Parser parser = new AutoDetectParser(); (or) Parser parser = new CompositeParser(); (or) object of any individual parsers given in Tika Library
Step 2 −
Create a handler class object. Given below are the three content handlers −
| Sr.No. | Class & Description |
|---|---|
| 1 |
BodyContentHandler This class picks the body part of the XHTML output and writes that content to the output writer or output stream. Then it redirects the XHTML content to another content handler instance. |
| 2 |
LinkContentHandler This class detects and picks all the H-Ref tags of the XHTML document and forwards those for the use of tools like web crawlers. |
| 3 |
TeeContentHandler This class helps in using multiple tools simultaneously. |
Since our target is to extract the text contents from a document, instantiate BodyContentHandler as shown below −
BodyContentHandler handler = new BodyContentHandler( );
Step 3 −
Create the Metadata object as shown below −
Metadata metadata = new Metadata();
Step 4 −
Create any of the input stream objects, and pass your file that should be extracted to it.
FileInputstream
Instantiate a file object by passing the file path as parameter and pass this object to the FileInputStream class constructor.
Note − The path passed to the file object should not contain spaces.
The problem with these input stream classes is that they dont support random access reads, which is required to process some file formats efficiently. To resolve this problem, Tika provides TikaInputStream.

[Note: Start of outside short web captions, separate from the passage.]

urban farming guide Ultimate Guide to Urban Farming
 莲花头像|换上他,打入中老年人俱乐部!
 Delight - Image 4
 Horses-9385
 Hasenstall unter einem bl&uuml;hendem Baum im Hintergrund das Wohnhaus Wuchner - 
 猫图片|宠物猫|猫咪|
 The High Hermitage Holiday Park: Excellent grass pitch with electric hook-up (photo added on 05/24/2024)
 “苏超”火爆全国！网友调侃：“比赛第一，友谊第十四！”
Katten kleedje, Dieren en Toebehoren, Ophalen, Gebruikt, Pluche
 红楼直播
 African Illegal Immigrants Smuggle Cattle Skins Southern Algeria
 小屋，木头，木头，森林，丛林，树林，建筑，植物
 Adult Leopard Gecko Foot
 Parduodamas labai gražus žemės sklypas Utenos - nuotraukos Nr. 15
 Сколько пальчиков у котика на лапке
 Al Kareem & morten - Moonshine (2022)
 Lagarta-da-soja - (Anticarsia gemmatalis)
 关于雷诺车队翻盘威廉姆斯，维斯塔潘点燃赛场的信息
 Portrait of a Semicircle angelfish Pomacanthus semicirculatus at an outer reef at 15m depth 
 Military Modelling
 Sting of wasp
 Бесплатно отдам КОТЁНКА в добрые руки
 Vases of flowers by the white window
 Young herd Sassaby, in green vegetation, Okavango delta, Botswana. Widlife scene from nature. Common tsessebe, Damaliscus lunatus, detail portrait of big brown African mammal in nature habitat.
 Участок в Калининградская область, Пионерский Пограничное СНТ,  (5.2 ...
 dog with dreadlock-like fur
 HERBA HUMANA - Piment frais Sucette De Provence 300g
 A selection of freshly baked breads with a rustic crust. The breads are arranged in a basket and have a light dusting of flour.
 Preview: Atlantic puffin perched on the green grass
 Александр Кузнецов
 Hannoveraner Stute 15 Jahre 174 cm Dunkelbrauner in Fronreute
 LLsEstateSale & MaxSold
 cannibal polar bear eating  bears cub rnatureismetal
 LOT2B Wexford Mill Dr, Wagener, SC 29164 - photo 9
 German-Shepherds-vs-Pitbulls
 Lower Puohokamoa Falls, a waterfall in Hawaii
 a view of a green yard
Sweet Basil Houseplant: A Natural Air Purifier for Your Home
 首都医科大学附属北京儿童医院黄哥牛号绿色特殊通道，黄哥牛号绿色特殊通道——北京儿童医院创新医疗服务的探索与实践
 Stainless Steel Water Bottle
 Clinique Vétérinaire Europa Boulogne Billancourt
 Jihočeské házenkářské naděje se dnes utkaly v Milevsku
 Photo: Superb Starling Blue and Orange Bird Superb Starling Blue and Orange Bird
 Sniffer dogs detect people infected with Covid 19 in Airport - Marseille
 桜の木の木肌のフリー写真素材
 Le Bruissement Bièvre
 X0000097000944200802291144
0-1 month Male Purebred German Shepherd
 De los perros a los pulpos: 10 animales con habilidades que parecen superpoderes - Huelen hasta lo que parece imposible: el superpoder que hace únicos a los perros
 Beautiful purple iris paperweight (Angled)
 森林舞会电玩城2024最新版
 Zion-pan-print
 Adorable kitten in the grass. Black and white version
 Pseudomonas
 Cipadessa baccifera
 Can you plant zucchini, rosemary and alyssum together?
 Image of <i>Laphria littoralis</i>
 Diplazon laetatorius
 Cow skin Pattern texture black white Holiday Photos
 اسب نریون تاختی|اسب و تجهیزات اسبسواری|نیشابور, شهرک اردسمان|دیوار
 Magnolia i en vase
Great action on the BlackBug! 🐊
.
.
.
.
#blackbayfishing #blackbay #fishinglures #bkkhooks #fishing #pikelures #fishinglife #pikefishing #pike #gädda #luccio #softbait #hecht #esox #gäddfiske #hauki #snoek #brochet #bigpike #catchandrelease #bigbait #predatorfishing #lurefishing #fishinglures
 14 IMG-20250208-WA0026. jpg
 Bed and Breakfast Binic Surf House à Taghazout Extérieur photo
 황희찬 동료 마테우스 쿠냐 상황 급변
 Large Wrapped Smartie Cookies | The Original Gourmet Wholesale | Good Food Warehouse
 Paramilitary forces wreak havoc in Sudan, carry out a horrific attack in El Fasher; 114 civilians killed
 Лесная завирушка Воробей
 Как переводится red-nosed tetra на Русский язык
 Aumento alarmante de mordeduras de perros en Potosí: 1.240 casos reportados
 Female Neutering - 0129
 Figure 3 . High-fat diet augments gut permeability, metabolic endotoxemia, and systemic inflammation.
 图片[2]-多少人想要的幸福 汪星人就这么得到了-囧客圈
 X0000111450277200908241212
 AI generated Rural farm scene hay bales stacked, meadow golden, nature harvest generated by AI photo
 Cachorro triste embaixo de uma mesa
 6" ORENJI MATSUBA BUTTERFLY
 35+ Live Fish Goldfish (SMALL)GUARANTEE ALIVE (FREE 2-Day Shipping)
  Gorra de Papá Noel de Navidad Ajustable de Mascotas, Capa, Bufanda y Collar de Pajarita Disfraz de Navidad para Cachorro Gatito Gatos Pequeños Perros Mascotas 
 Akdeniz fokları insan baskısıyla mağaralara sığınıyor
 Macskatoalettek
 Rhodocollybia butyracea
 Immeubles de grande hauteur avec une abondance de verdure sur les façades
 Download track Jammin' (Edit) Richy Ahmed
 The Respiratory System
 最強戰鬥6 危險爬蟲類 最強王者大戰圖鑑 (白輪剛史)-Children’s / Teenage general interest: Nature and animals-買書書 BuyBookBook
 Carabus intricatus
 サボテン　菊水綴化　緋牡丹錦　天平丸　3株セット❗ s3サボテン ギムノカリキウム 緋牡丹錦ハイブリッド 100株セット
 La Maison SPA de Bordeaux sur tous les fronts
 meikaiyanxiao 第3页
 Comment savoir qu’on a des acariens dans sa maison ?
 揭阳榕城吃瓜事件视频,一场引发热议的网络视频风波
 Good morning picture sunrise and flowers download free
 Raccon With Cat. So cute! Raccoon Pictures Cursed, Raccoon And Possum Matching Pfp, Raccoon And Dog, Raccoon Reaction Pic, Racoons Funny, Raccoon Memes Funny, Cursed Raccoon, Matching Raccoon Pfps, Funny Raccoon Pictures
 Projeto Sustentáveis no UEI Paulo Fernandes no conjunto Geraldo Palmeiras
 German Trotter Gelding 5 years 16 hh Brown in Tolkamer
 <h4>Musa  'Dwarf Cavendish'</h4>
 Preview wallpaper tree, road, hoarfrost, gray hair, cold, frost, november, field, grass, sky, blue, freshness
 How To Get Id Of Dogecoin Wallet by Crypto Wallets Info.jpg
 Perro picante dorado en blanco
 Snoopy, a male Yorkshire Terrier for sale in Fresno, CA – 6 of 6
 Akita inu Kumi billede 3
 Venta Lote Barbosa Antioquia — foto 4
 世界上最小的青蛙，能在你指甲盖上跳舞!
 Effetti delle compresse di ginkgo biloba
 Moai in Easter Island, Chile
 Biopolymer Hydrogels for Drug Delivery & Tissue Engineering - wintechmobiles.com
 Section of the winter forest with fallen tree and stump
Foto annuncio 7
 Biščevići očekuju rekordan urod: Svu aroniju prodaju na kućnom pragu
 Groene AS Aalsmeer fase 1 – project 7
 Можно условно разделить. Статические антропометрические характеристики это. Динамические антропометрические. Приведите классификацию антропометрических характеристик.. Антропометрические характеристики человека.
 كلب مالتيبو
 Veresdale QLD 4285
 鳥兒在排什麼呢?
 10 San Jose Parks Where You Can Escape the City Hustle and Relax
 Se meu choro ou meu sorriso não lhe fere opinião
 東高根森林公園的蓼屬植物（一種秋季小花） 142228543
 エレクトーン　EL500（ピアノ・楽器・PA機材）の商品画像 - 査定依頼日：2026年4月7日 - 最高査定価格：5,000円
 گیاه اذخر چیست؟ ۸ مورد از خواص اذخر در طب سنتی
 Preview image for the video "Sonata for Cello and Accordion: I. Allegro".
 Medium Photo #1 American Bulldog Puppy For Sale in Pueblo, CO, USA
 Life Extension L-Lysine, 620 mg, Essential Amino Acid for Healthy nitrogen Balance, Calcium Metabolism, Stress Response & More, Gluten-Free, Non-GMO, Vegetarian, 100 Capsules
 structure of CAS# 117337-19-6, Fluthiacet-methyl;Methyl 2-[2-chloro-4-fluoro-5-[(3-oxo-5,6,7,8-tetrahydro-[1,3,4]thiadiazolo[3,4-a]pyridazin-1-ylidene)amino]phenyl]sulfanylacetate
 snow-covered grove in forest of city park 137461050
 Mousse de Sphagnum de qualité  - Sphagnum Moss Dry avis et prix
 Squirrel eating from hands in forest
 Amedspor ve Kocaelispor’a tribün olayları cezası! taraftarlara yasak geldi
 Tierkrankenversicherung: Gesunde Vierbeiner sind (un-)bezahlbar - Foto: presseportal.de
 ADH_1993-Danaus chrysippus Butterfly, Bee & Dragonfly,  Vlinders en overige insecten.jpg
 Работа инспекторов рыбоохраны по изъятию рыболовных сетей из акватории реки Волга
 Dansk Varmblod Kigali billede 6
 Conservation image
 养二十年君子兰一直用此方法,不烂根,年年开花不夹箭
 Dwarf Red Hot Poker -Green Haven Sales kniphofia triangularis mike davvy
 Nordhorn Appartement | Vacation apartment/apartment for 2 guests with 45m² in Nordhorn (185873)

File file = new File(filepath) FileInputStream inputstream = new FileInputStream(file); (or) InputStream stream = TikaInputStream.get(new File(filename));
Step 5 −
Create a parse context object as shown below −
ParseContext context =new ParseContext();
Step 6 −
Instantiate the parser object, invoke the parse method, and pass all the objects required, as shown in the prototype below −
parser.parse(inputstream, handler, metadata, context);
Given below is the program for content extraction using the parser interface −
TikaDemo.java
package com.tutorialspoint.tika;
import java.io.File;
import java.io.FileInputStream;
import java.io.IOException;
import org.apache.tika.exception.TikaException;
import org.apache.tika.metadata.Metadata;
import org.apache.tika.parser.AutoDetectParser;
import org.apache.tika.parser.ParseContext;
import org.apache.tika.parser.Parser;
import org.apache.tika.sax.BodyContentHandler;
import org.xml.sax.SAXException;
public class TikaDemo {
public static void main(final String[] args) throws IOException,SAXException, TikaException {
//Assume sample.txt is in your current directory
File file = new File("D:/projects/sample.txt");
//parse method parameters
Parser parser = new AutoDetectParser();
BodyContentHandler handler = new BodyContentHandler();
Metadata metadata = new Metadata();
FileInputStream inputstream = new FileInputStream(file);
ParseContext context = new ParseContext();
//parsing the file
parser.parse(inputstream, handler, metadata, context);
System.out.println("File content : " + handler.toString());
}
}
Output
Given below is the content of sample.txt
Hi students welcome to tutorialspoint
If you execute the above program, it will give you the following output −
File content : Hi students welcome to tutorialspoint